## [Exercise details]
For this exercise, retype the lines from the one that holds "Olay Age Defying" through the one that holds "EUFAB 11521 Fahrradträger" in the records below, both included, exactly and without pictures.

## [Provided material]
= Beginning of Section =
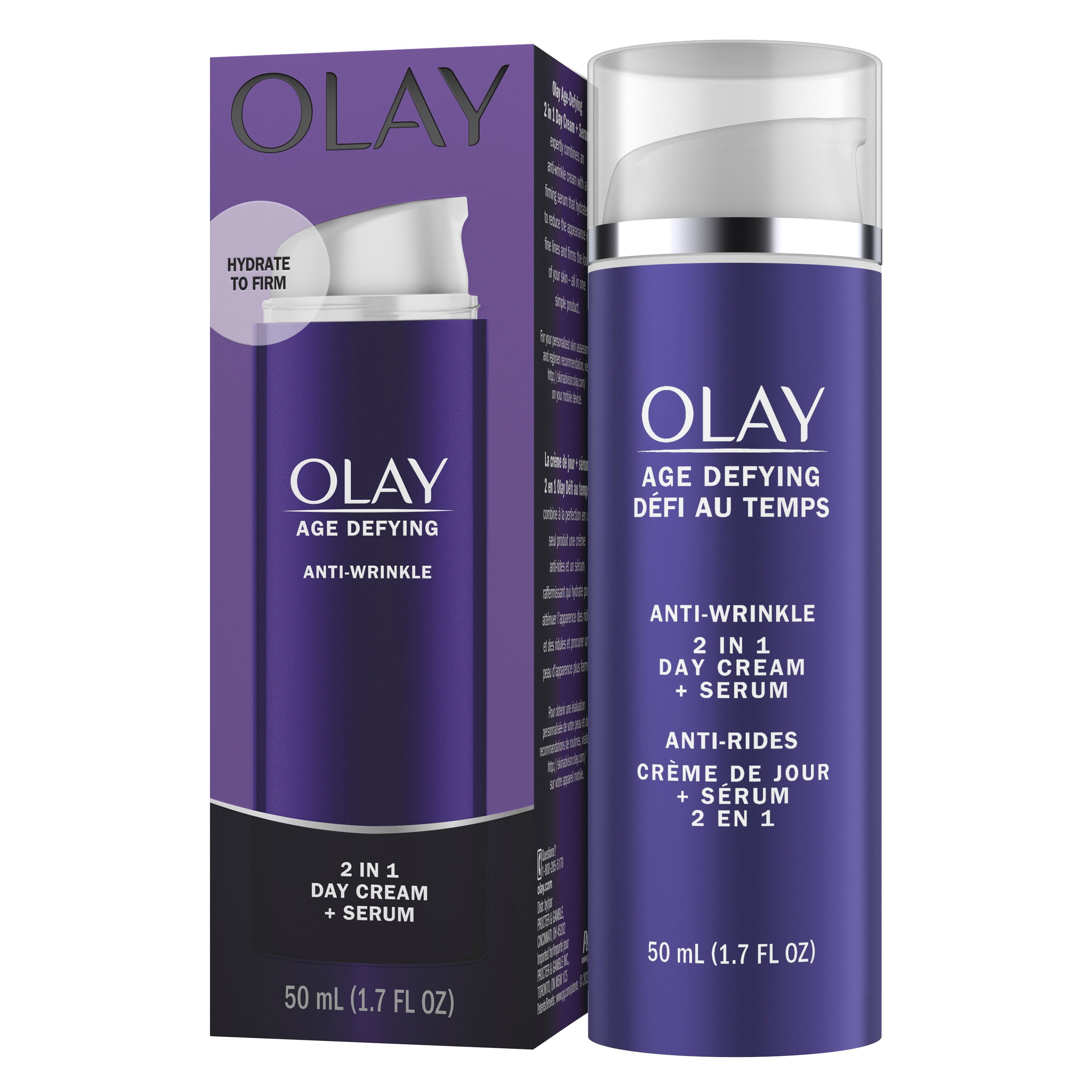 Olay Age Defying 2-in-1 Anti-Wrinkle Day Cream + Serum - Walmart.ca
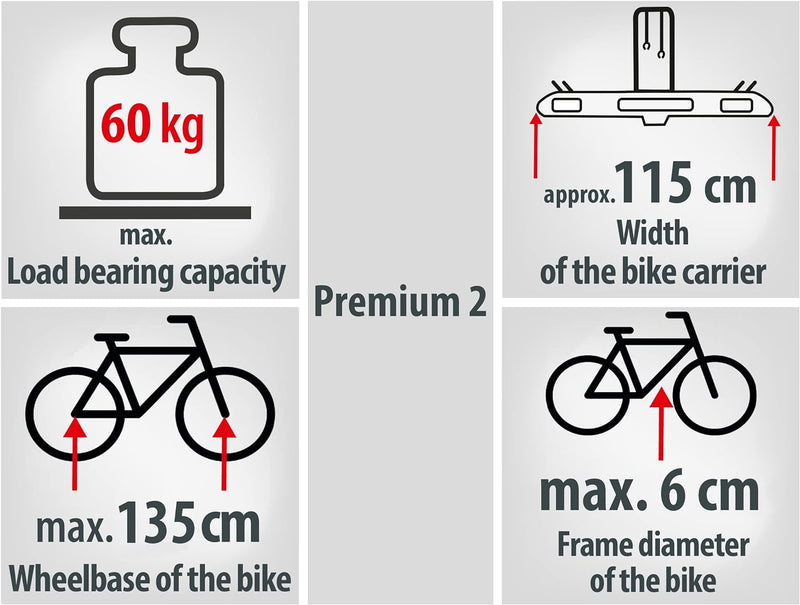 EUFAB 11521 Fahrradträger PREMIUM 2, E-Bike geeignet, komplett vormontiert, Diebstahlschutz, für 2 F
= End of Section =
= Beginning of Section =
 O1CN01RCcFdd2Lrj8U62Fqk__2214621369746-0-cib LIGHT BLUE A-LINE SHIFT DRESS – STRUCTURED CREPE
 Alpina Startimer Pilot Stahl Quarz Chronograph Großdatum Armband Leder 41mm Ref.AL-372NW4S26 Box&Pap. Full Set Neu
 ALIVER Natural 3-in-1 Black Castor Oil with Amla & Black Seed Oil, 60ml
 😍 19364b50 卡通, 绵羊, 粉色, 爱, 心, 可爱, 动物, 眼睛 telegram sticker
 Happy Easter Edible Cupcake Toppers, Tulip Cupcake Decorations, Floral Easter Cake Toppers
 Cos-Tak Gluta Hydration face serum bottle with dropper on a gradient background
= End of Section =
## [Exercise answer]
 Olay Age Defying 2-in-1 Anti-Wrinkle Day Cream + Serum - Walmart.ca
 EUFAB 11521 Fahrradträger PREMIUM 2, E-Bike geeignet, komplett vormontiert, Diebstahlschutz, für 2 F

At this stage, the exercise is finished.